Natalie, adjointe du Shérif, lui tape littéralement dans l’oeil au premier regard. Elle est sûre d’elle, a des comportements sociaux étranges, souffle le chaud et le froid et on peine à la cerner. Leurs dialogues sont assez longs, parfois ennuyeux et leur histoire piétine.
En dernier lieu, Callie, l’ado renfermée, que Trevor croise à quelques reprises. On ne sait rien d’elle ou presque. Bien qu’ayant un rôle primordial, elle prend une réelle place qu’après la moitié du roman, ce que j’ai trouvé usant.

En grande majorité, le roman se passe à New Bern, petite bourgade de Caroline du Nord. Les décors paraissent fidèles, comme tous ses autres romans, et la quantité permet de bien imaginer les divers lieux. Nicholas Sparks se plaît à rester dans sa zone de confort.
On fait également quelques détours par d’autres Etats : Caroline du Sud, Géorgie et Maryland.
Les descriptions demeurent bien amenées, à ce détails qu’ils plombent parfois le récit. Décrire sur une page entière la manière dont Trevor cuisine n’apporte pas grand chose au récit. Souvent, j’avais l’impression de tenir un livre gastronomique entre les mains, c’est dire.

Le synopsis dévoile déjà trop d’éléments, à mon avis.
De plus, le roman est tant déstructuré qu’on perd de vue l’essentiel. Trevor prend le temps de connaître Natalie au détriment de tout le reste. Puis c’est par hasard qu’il va s’intéresser à la jeune Callie, la mystérieuse adolescente. Avec son rôle centrale, elle aurait mérité davantage d’attention dès le départ !
Prologue et épilogue se déroulent cinq ans plus tard. On devine aisément ce qu’il va s’y vivre…
Les chapitres demeurent très longs et les thèmes récurrents s’invitent encore et encore : un ancien soldat, une femme blessée, une maladie, un héritage. Niveau renouvellement, il y a mieux…
Quelle déception ! Mais où est donc passée la superbe de Nicholas Sparks ? Son brin de magie, sa créativité ?
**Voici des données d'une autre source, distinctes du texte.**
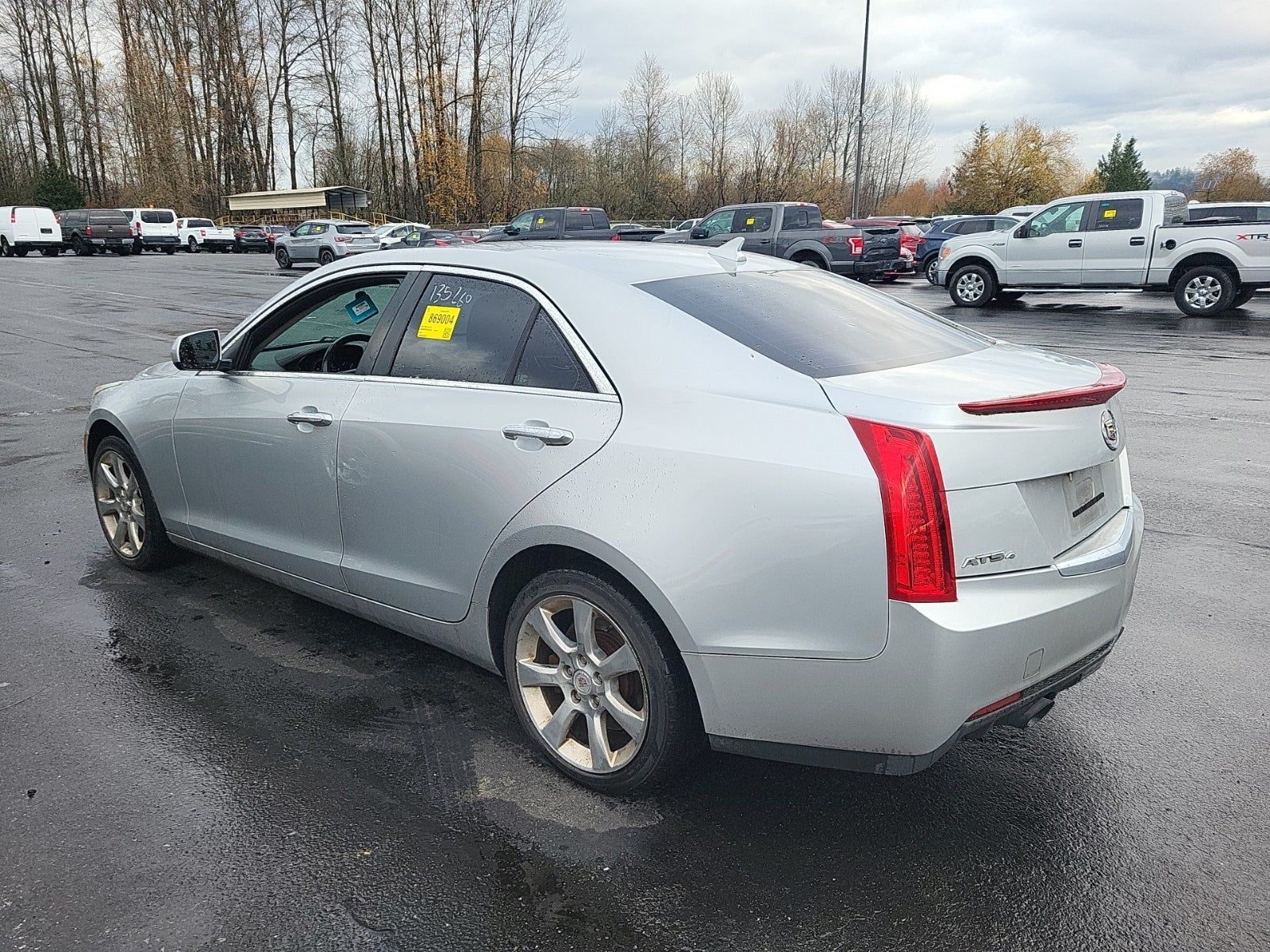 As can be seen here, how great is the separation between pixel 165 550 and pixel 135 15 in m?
76.8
Avec le service minimum proposé par l’auteur dans Retrouvailles, il ne ressort que peu d’émotions de son roman. De l’humour, de l’amour, de l’empathie, de la passion, du regret et de la désolation. Jamais auparavant un récit de Sparks m’avait aussi peu touché là, au fond de mon âme.

Les années passent et la qualité des ouvrages de cet auteur ne cessent de diminuer. Sans doute vais-je attendre un moment avant de le suivre à nouveau. Retrouvailles ne va vraiment pas marquer ma mémoire et a tout du bouquin que je vous déconseille de lire !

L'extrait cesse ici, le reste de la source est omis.